We want to save you from that fate, and the first thing you can do to elevate your holiday hut is to make your own gingerbread. Yes, it takes more time and effort than buying the ready-made kits, but it can make a huge difference, and increase your creative freedom. Popular Science likens store-bought gingerbread to cardboard, and suggests making your own but ditching the leavening agent to produce denser cookie sheets that won't expand in the oven. This type of structure isn't as appealing to the tooth though, so if you plan to eat your gingerbread house at some point, BuzzFeed notes that you can use a normal, leavened dough, then shave the expanded edges down with a microplane grater once they've baked and cooled.

Ditch the icing

Whether you make your own gingerbread or buy a kit, the real challenge begins when you have to stick the pieces together. Most people's first thought is to use royal icing for the job, but that should be saved for decorative purposes only. Popular Science points out that royal icing takes a long time to dry, and when it does, it crumbles with ease. They suggest using melted white chocolate instead, which dries into a very solid state. Because it can dry out quickly, you may need to pop the white chocolate in the microwave to re-melt it as you go, and if you want your gingerbread house to firm up fast, you can put it in the fridge to help it along.

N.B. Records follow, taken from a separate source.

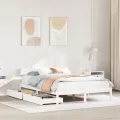 Cadre de lit sans matelas blanc 160x200 cm bois de pin massif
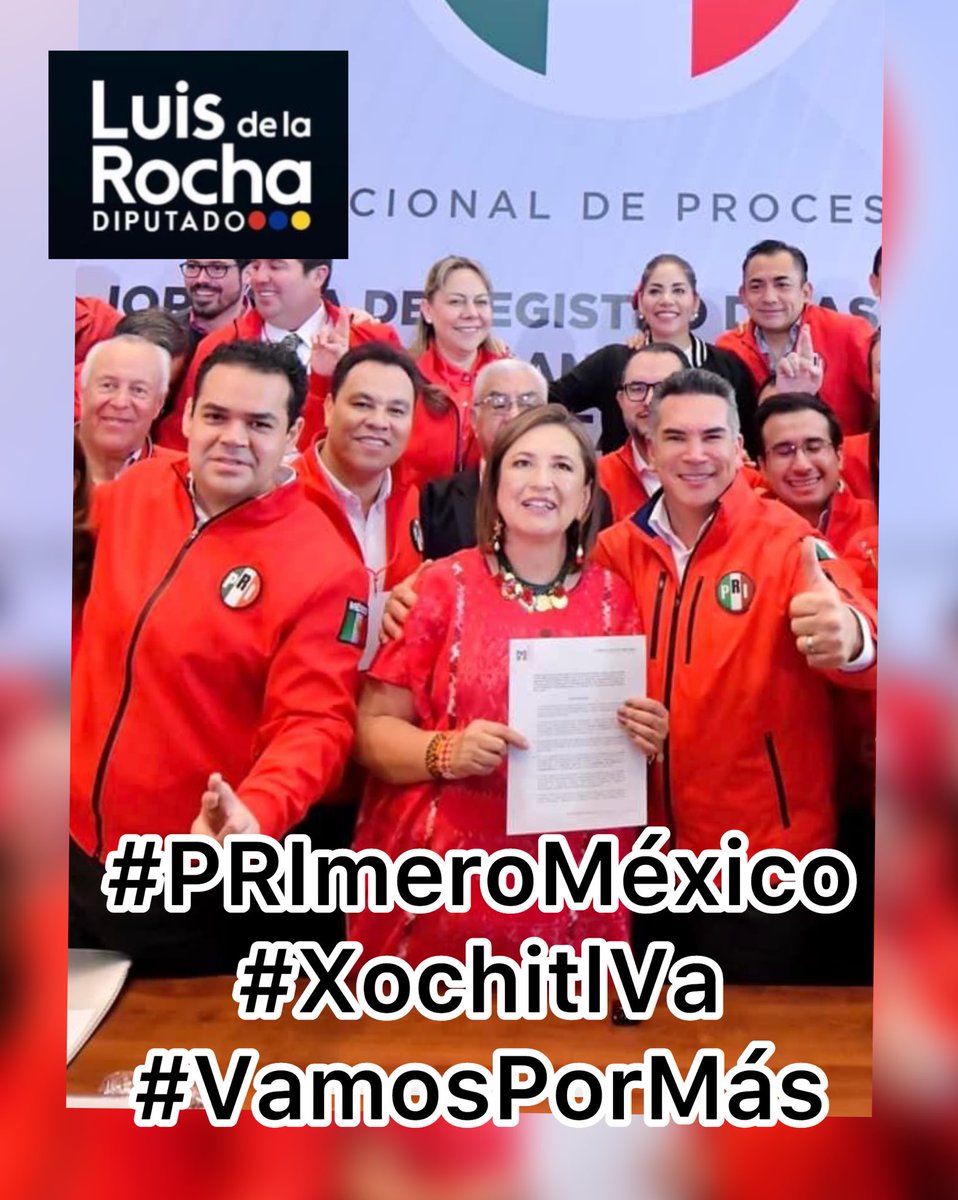 #ElPRIconXóchitl En el #FrenteAmplioPorMexico vamos en el rumbo correcto. #Vamosunidos, #VamosPorMás #DelaRocha #Diputado #Aliancista 🔴🔵🟡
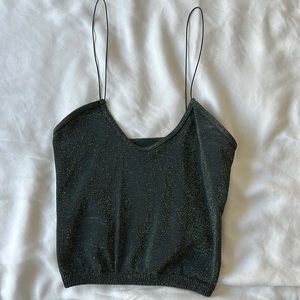 Free People Skinny Strap Seamless Brami (Sparkly Gold/Blue)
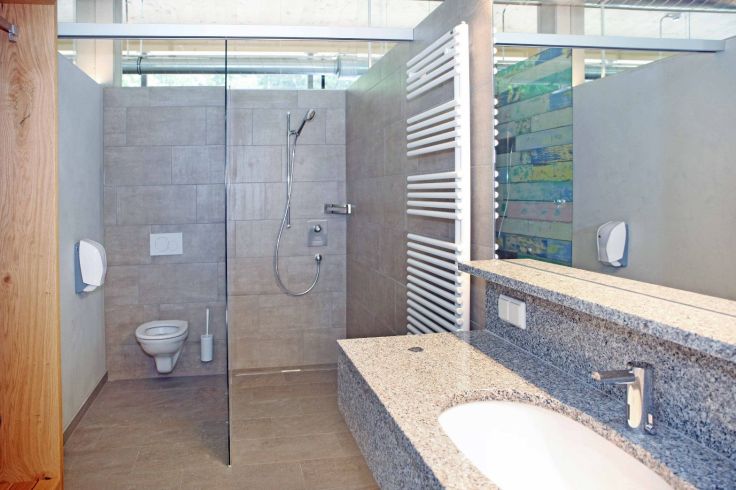 Auf dem Grubhof können auch private Badezimmer gemietet werden.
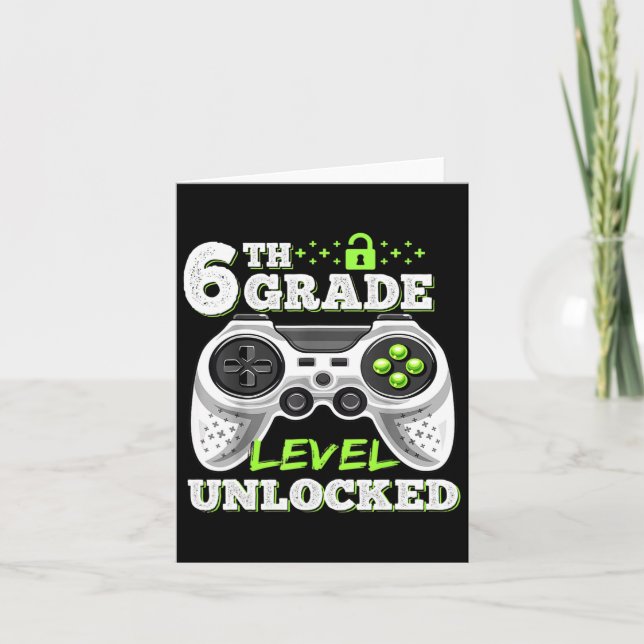Carte Jeu vidéo déverrouillé de 6e année à l'école (Devant)
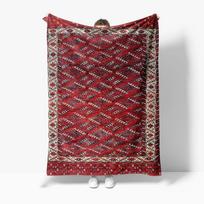 Red Moroccan Style Cotton Kilim Rug Vintage Turkish Area Rug for Living Room Bedroom Decor 75x90cm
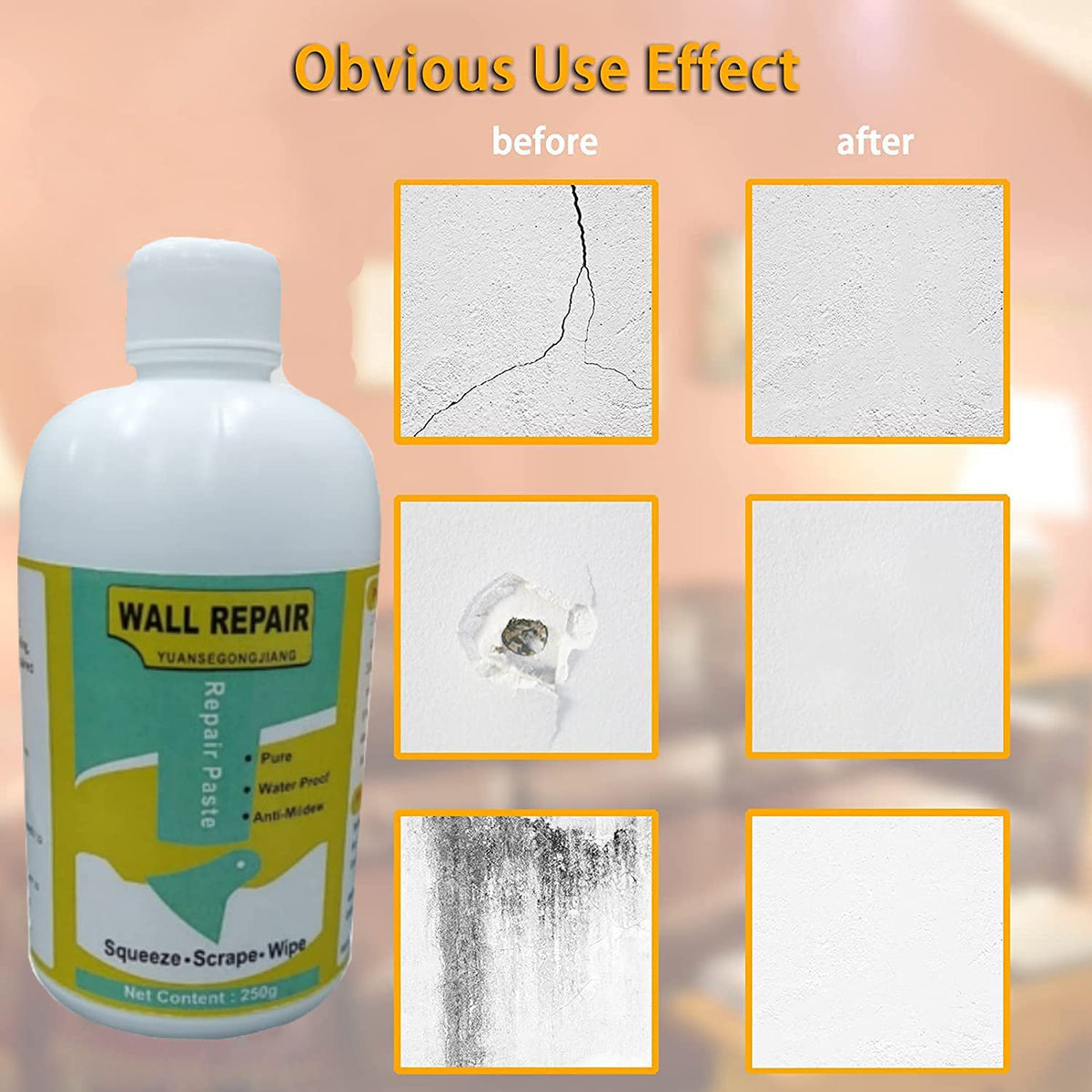 Wall crack repair before and after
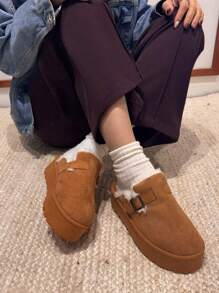 SERGIO TODZI Women Solid Color Platform Slippers For Daily - Camel - View 2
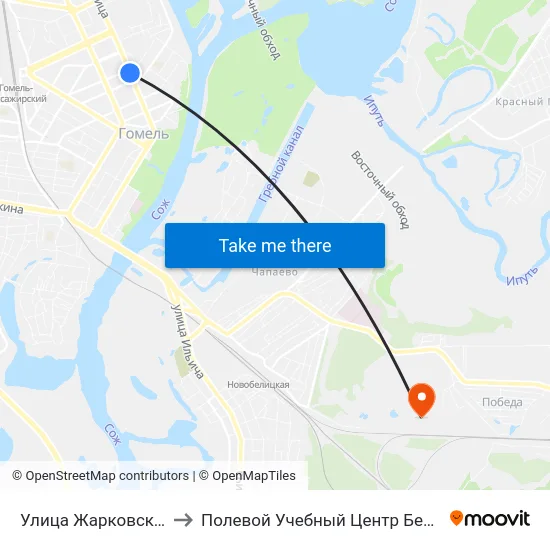 Улица Жарковского to Полевой Учебный Центр Белгута map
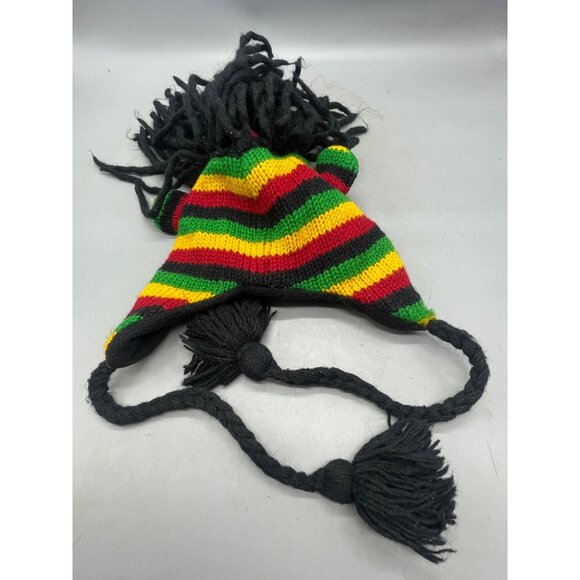 rasta mohawk monkey beanie tie fringe wool animal hat braded crazy red os READ - Picture 8 of 8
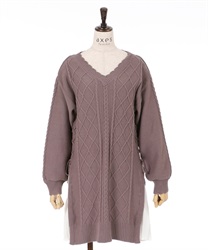 【Time Sale】Side pleated knit tunic(Lavender-Free)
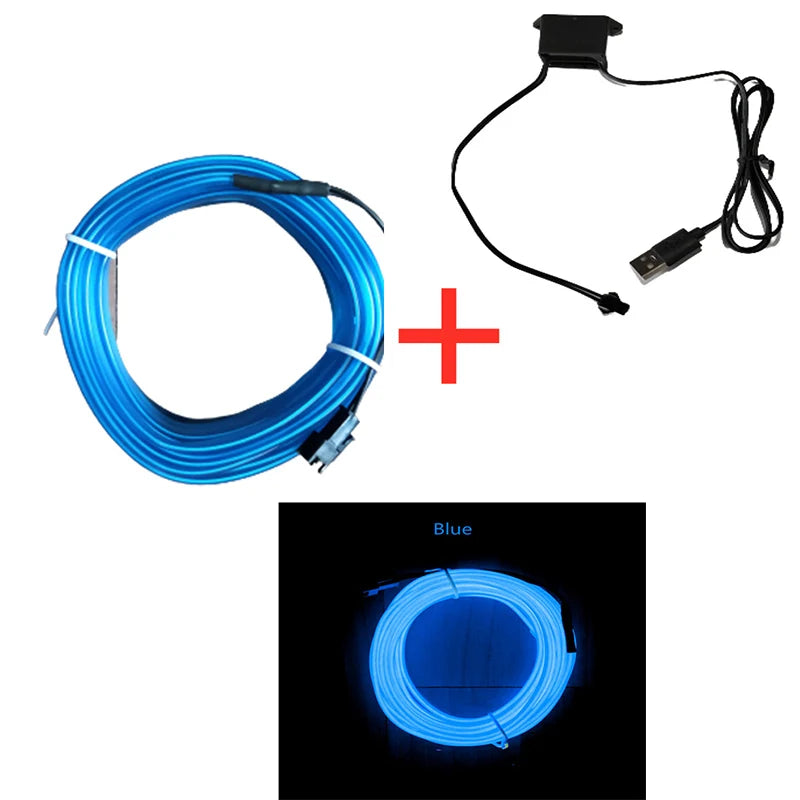 Fita de LED Neon Flex 5m com Conexão USB – Iluminação Interna Decorativa para Carros | 5V Flexível e DIY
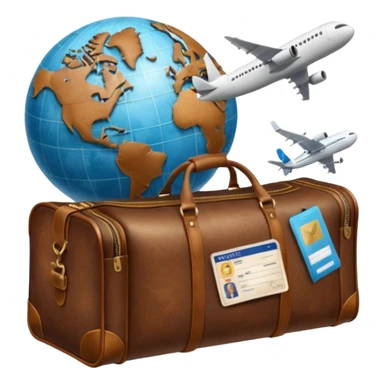 TRAVEL , travel bag , pass board, plane, glob sticker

Another alternative to using icing is to make a sort of edible glue. NPR interviewed Erica Kahn, a student at the Brown University School of Engineering, who revealed her secret recipe for the ultimate gingerbread binder. Melting marshmallows turns them into sticky cement that also adds some weight to the structure, helping to stabilize it. For spots where you need a lighter binder, Kahn recommends melted gummy bears, which form an epoxy-like glue that spreads on fairly thinly, unlike marshmallow cement or royal icing. The team at NPR put Kahn's methods to the test and built a gingerbread house so sturdy they were able to drop it from a foot in the air without causing any damage. Now that's a Christmas miracle.